Personal information
- Full name: Jorge Leonardo Obregón Rojas
- Date of birth: 29 March 1997 (age 28)
- Place of birth: Puerto Tejada, Colombia
- Height: 1.82 m (6 ft 0 in)
- Position: Forward

Team information
- Current team: Águilas Doradas
- Number: 99

Youth career
- Boca Juniors de Cali
- Santa Fe

Senior career*
- Years: Team / Apps / (Gls)
- 2015–2019: Santa Fe / 10 / (0)
- 2016: → Llaneros (loan) / 26 / (9)
- 2018: → Real Cartagena (loan) / 35 / (10)
- 2019: → Jaguares de Córdoba (loan) / 12 / (0)
- 2019: Deportivo Municipal / 14 / (2)
- 2020–2021: Varaždin / 45 / (10)
- 2021–2024: Rijeka / 84 / (14)
- 2024–2025: Johor Darul Ta'zim / 22 / (7)
- 2025–: Águilas Doradas / 14 / (3)

International career
- 2017: Colombia U20 / 8 / (1)

= Jorge Obregón =

Colombian professional footballer (born 1997)

Jorge Leonardo Obregón Rojas (born 29 March 1997) is a Colombian professional footballer who plays as a forward for Águilas Doradas.

== Club career ==

===Santa Fe===
Obregón was promoted to Santa Fe senior squad in 2015. He make his professional career debut on 1 November coming on as a substitution in the 88th minute against Envigado.

Obregón returned from his Llaneros loan on 11 February 2017 and stayed with Santa Fe for the 2017 season.

==== Llaneros (loan) ====
In January 2016, Obregón was sent on loan to Colombian second division side Llaneros. He make his debut on 14 February 2016 against Barranquilla. On 15 October 2016, Obregón scored his first professional career goal by scoring a brace in a 4–3 league win over Deportivo Pereira.

==== Real Cartagena (loan) ====
In January 2018, Obregón was loaned to Real Cartagena for the 2018 Categoría Primera B season.

Jaguares de Córdoba (loan)

In January 2019, Obregón was loaned out to Jaguares de Córdoba for the 2019 Categoría Primera A season.

=== Deportivo Municipal ===
On 17 July 2019, Obregón signed for Peruvian first division club Deportivo Municipal. He scored his first goal for the club on 8 September in a 2–1 lost against Sport Boys.

=== Varaždin ===
On 10 February 2020, Obregón moved to Europe to signed with Croatian club Varaždin.

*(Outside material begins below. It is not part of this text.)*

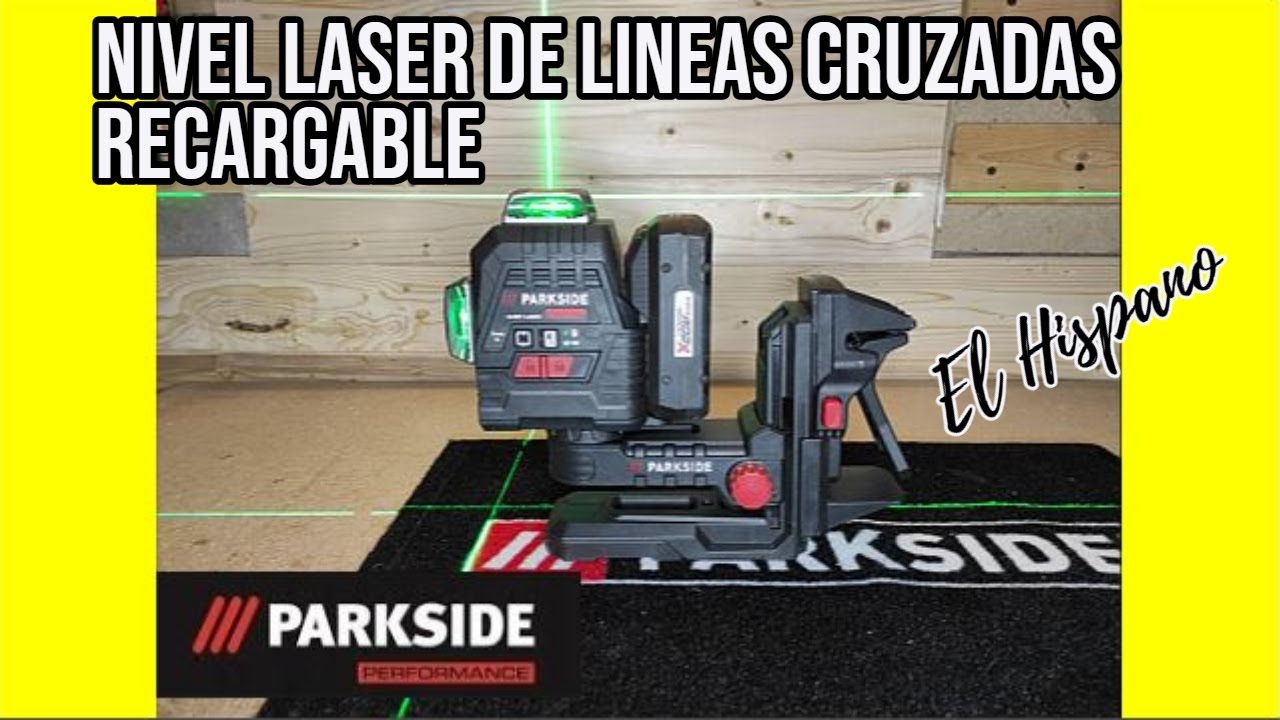 Nivel Laser De Lineas Cruzadas Recargable Parkside Performance | PKLLP 3360 A1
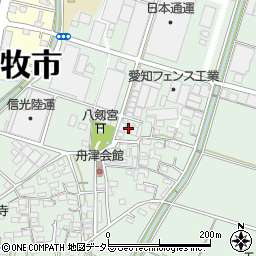 愛知県小牧市舟津859周辺の地図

He scored his first goal for the club in a 3–1 lost against Dinamo Zagreb on 6 June 2020. Obregón then scored the only goal in the match to help his team secured the 3 points against Inter Zaprešić on 25 June 2020.

On 12 May 2021, Obregón assisted twice which helped his team to draw 2–2 against Croatian giants Dinamo Zagreb.

=== Rijeka ===
After Varaždin got relegated from Prva HNL at the end of 2020–21 season, Rijeka signed Obregón on 5 July 2021. He make his debut for the club on 17 July in a league match against Gorica. Obregón was instrumental during the 2021–22 Croatian Football Cup where he scored in the second round, round of 16 and the quarter-finals which helped his team to reached the semi-finals, however he didn't make an appearance in the semis due to an injury he sustained. Obregón was part of the team run to the final but however lost 3–1 to Hajduk Split.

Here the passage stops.